During a time where I was processing through a painful loss, and as both a writer and a human I needed a reminder that something else existed besides sadness, Eisen-Martin's performance managed to spark something. It managed to shift the sadness to the side and find joy.

He made poetry exciting again... and I needed to understand how.


We sat across from each other in a small cafe in San Francisco, not far from USF. I was an hour late, because I hadn't given enough credence to the daily Bay Area traffic, and he had selected a place to meet near the University when really, I was near SFSU. None of which boded well for my intimidation. Even with his pleasant disposition through text and genuine enthusiasm to sit down and do an interview, I was still not sure I would even know where to start.

"So you made poetry exciting for me for the first time in I don't know how long, and I need to know how you did that, did you just come out at birth writing?"

Apparently, I did know where to start.

"It started kind of early, as far as it was almost like being held hostage by this zone where lines would just come to me, and I'd have to write it down, and from an early age, people told me it was good. But to tell you the truth, the altitude and the elevation of my craft really came from a direct result of other cultivations. Cultivating political commitment in tandem with a kinder relationship with myself, and both are important because one gives you access to more reality and in a more critical way, and the other gives you a much clearer kind of a lucidity. Internal lucidity sets the stage for lucidity of craft."

That kind of lucid state can feel rare in a world where the digital noise of constant connection and unlimited access to anything you want whenever you want, can make it difficult to sift through and find the things that bring you new inspiration. Eisen-Martin's talent is one of those rare gifts where whether it is consumed on the page, recorded over live instruments, or sitting casually in front of you at a coffee shop, it is undeniable.

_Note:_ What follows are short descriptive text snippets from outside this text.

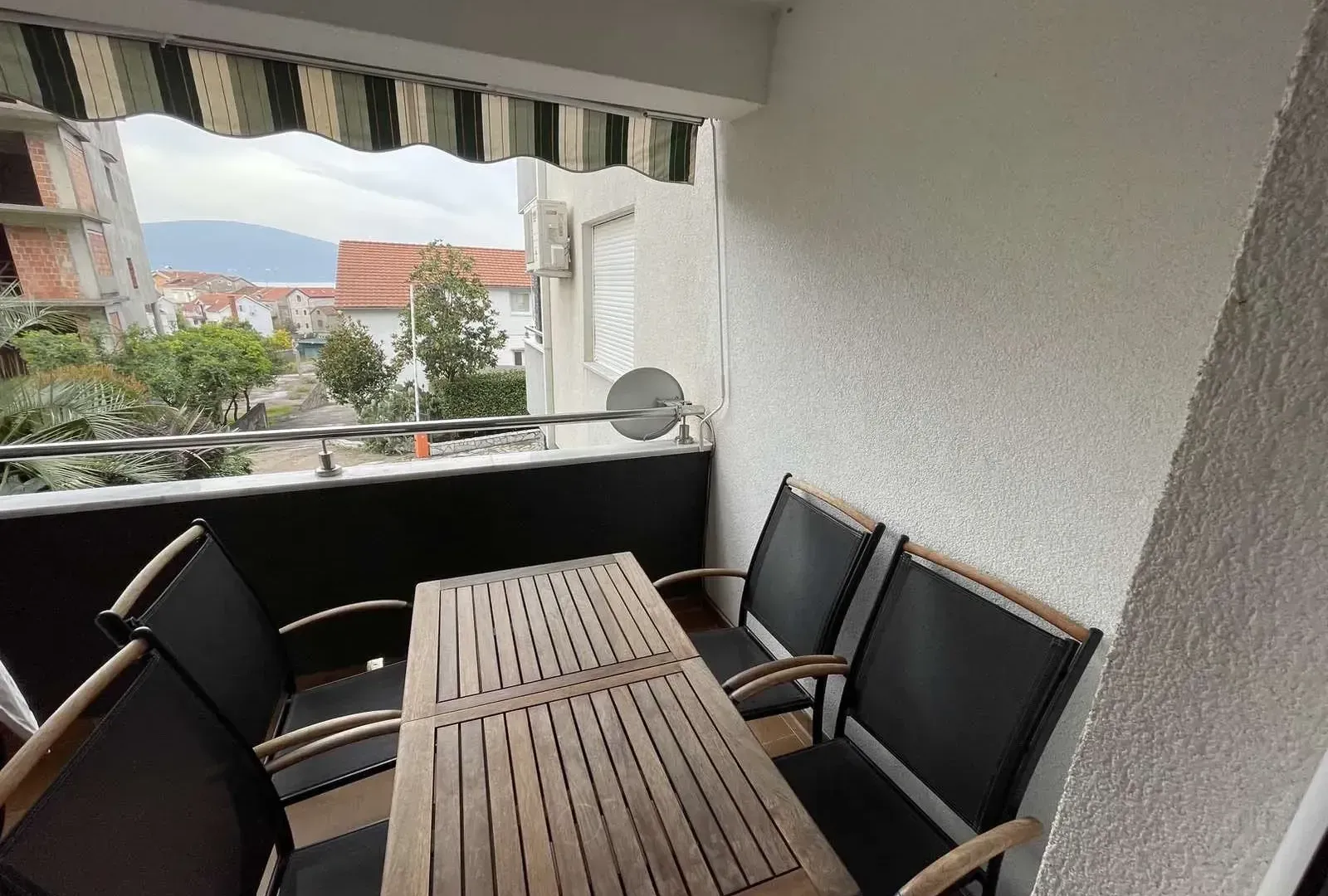 Izdavanje, stan, 52m², Tivat, Crna Gora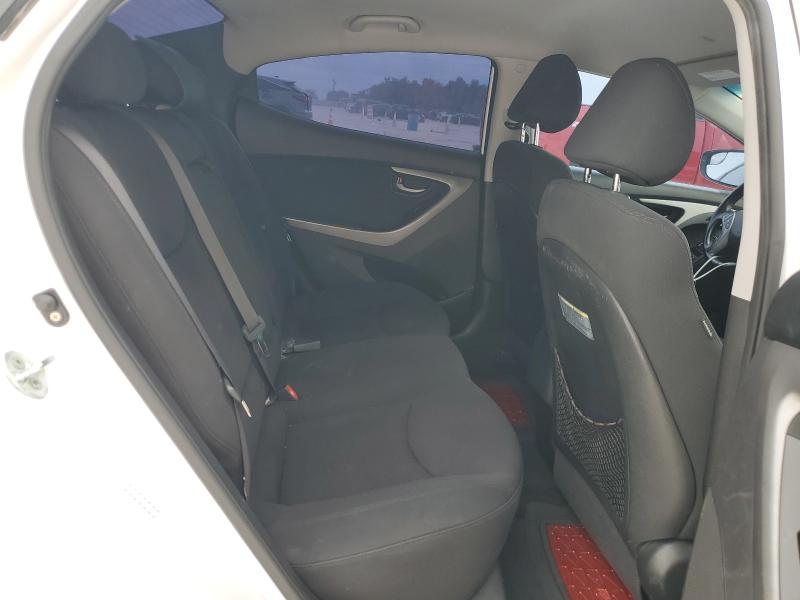 2016 HYUNDAI ELANTRA SE - KMHDH4AH8GU513078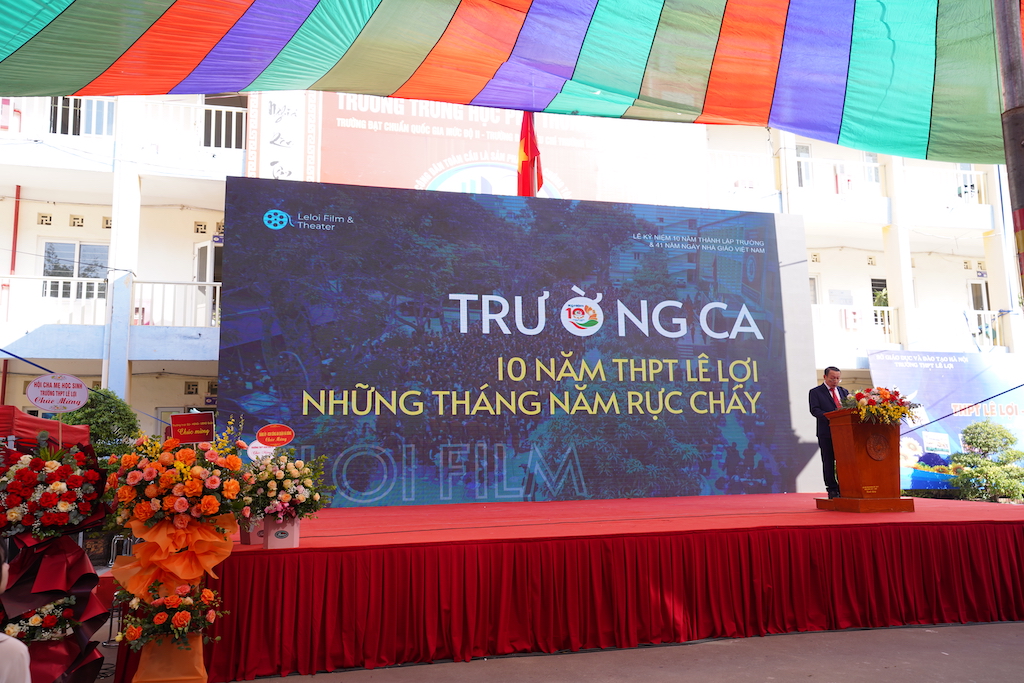 Thầy L&ecirc; Xu&acirc;n Trung - Hiệu trưởng trường THPT chất lượng cao L&ecirc; Lợi ph&aacute;t biểu tại buổi lễ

"There's so much justice to poetry in that the more you figure out how you think and what energy hitches a ride to these thoughts, the better the poetry gets. And it's all so beautifully natural. An extension of your singular self, where you don't have to put on someone else's skin or put in somebody else's teeth to make the point."

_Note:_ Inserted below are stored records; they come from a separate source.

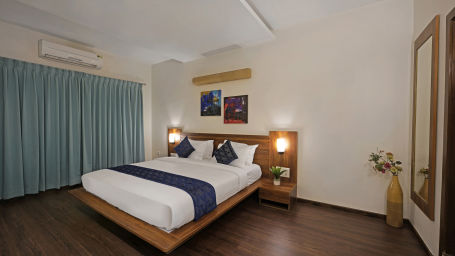 Hotel Ekaa Keys by Rivido, Kudlu Gate - the king size bed beside a covered window at the suite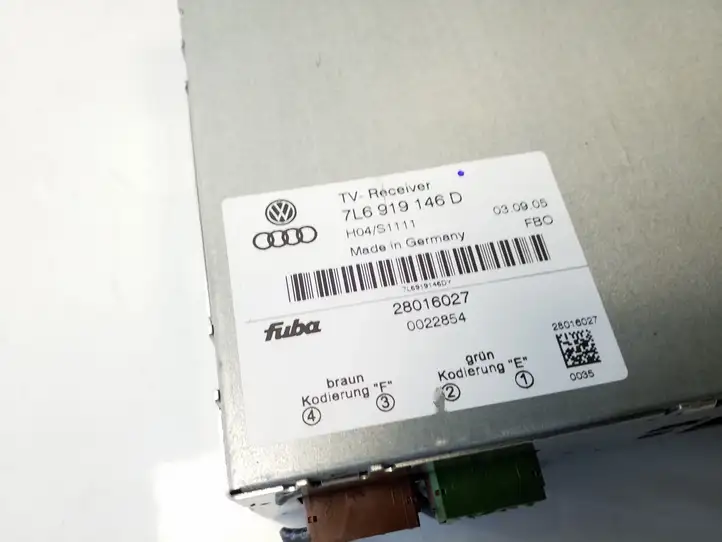 Volkswagen Touareg I (2002 - 2010)  7L6919146D Радио/ проигрыватель CD/DVD / навигация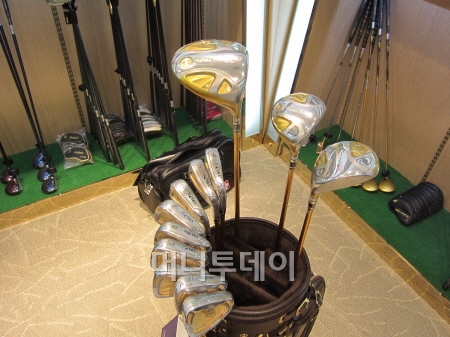 이것이 '1억원짜리 황금골프채', 쳤다 하면 싱글? - 머니투데이 이것이 '1억원짜리 황금골프채', 쳤다 하면 싱글? - 머니투데이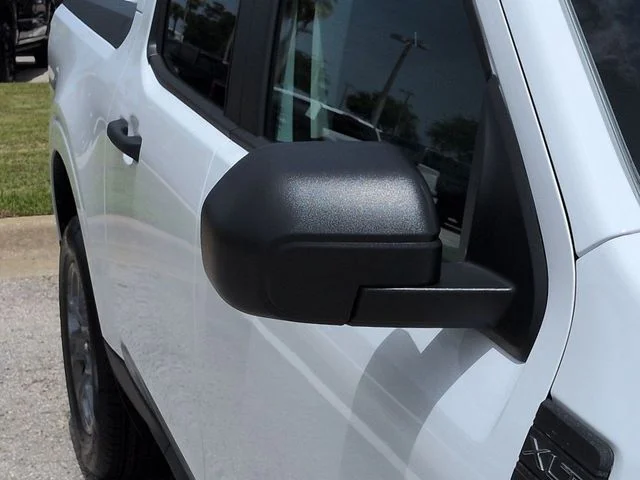 New 2026 Oxford White Ford XLT image 12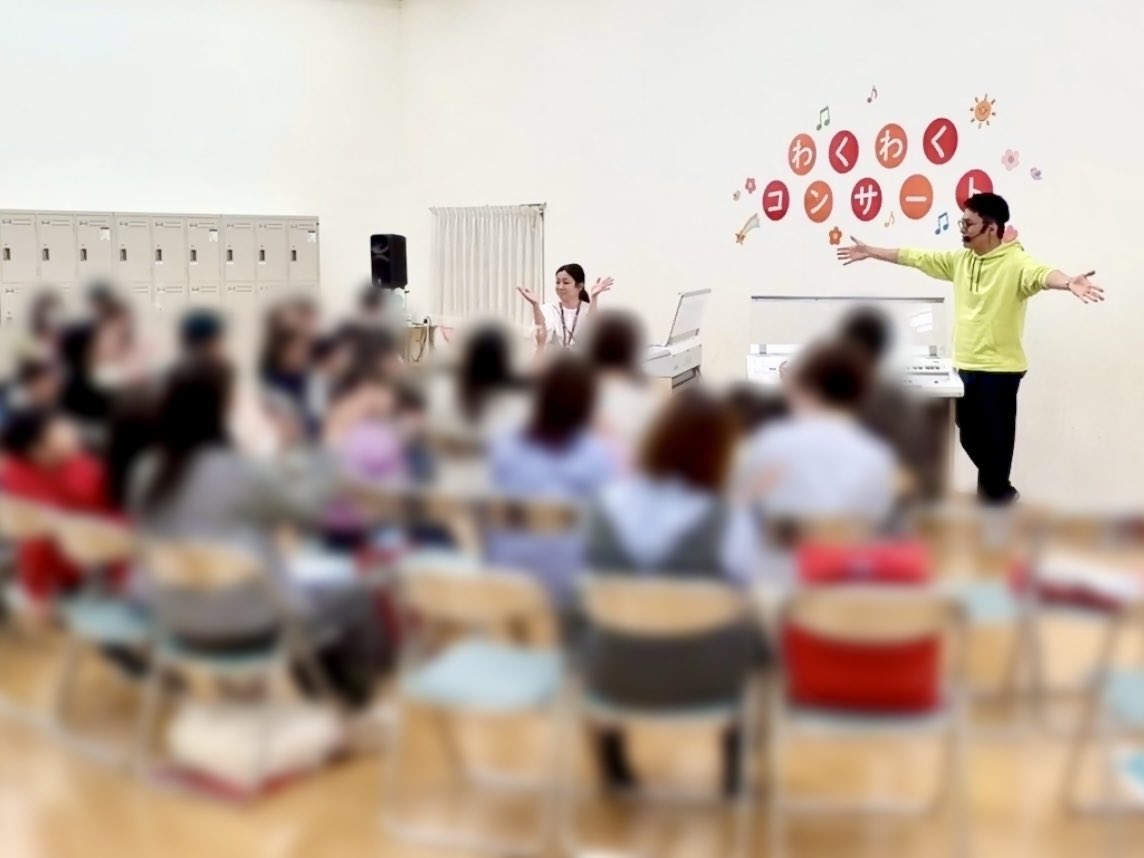 u_suke02x's tweet image. 開進堂楽器MPC高岡南でわくわくコンサート。スタッフの方とのアンサンブル、今年も実現しました♪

Yeah. He even speaks in poetry.


While his poetry has garnered him critical acclaim, literary prizes, artists fellowships, and a new event series curated with the Magic Theatre in San Francisco, his roles extend far beyond the poetic scope.

Eisen-Martin's activism centers around both prison and police abolition, the role that criminal justice inequity plays in those spheres, and the violent atrocities committed against Black people through police brutality. He carries those same themes into the education sector, and refuses to water down the message, despite those types of revolutionary thought processes not necessarily being accepted in mainstream education -- or in Riker's Island and San Quentin, where he has also taught. With everything he does, whether it's poetry, events, education, or activism, he does it with the keen eye of someone who views everything through the lens of his own experience as Black man in America. A viewpoint that is far too often left out of consideration and one that he is ensuring is never left out of any conversation he is a part of again. It is through that lens that he was able to find his next goal.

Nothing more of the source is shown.